An Honourable Member:  It is an investment in our future.

Mr. Clif Evans:  The honourable member says it is an investment for the future for rural Manitoba, for the Interlake, and I have to say that I believe that the Interlake would prosper.

            I must say, and I want to put it on record here, Mr. Speaker, that I commend the Interlake Development Corporation and its executive and its board members for taking a strong leading role in lobbying the government, in talking to the ministers, in making their presentations.  They are doing a fine job, and they are bringing forth to this government the need for gasification in the Interlake area and in rural Manitoba.  Without it and without the potential of it, whether it starts out on a small scale and works up or whether it goes on a big scale, it is needed.  We all know that.

            But what is happening over on the other side?  What is happening, I believe, Mr. Speaker‑‑there was, about a year ago‑‑and the name of the gentleman fails me right now who was head of PUB, was supposed to have, told me personally, that there was going to be something feasible on paper presented within a year.  That is now over a year ago.  Again, where is it?  Where is the action?

            I say to the government side, I say to the Minister of Energy (Mr. Downey), I say to the Minister of Tourism (Mr.Stefanson), the Minister of Rural Development (Mr. Derkach), let us get together with the proper organizations.  Let us get together with the people in rural Manitoba.  Let us get together with the people from the Interlake region and the leaders, and let us develop this plan.  Let us not just say study, study, study; let us look into it in numbers; we will study those numbers some more.  We will do this some more; we will do that some more.  Let us get moving on this before we in rural Manitoba lose some more people.

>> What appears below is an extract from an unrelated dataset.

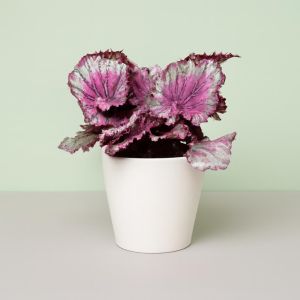 Begonia Magic Colour Pink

            They talk about, Mr. Speaker, using the money that is available through the REDI program.  Up until just recently, I have yet to see any action taken by this government to use any of this REDI money towards finding out whether gasification is the right way, which we feel it is the right way to go in the Interlake region and rural Manitoba.  They talk about this REDI money.  They say that it is for infrastructure for the rural communities.  The money is coming from rural communities.  Let us put it back into rural communities, millions and millions of dollars, millions of dollars that I would think the government would be more than willing to use, a percentage of this money towards gasification and towards a study.  Obviously, the study is being held up for whatever reason.  Reasons are nonexistent. They give no reasons.  We are looking into it.  We have to keep telling the constituents the government is looking into it.  They are studying it, and that is what they are told, too.

An Honourable Member:  Evaluation.

Mr. Clif Evans:  Evaluation.  Evaluation of zero is zero.  If you are not evaluating something, then where are you going to get any answers from?  Evaluate it then.  Study it. [interjection] You are evaluating all right.  I know.  The Minister of Agriculture (Mr. Findlay) keeps piping up over there and that is fine.

            However, I do want to say on closing that rural gasification in the Interlake is one of the most important projects that this government should and better well undertake and get moving on it instead of sitting.  Like I said before about spark development, well, let us get some spark underneath some of those ministers' seats.  Let us get some flame underneath those ministers' seats. Let us get some flame under the government seats, and let us get some gasification.  Let us get some natural gas in the Interlake so that the member for Gimli (Mr. Helwer), the member for Lakeside (Mr. Enns) and the member for Interlake can support it wholeheartedly.  Thank you, Mr. Speaker.

Ms. Avis Gray (Crescentwood):  Mr. Speaker, it is always a pleasure for me to speak on issues that affect rural Manitoba.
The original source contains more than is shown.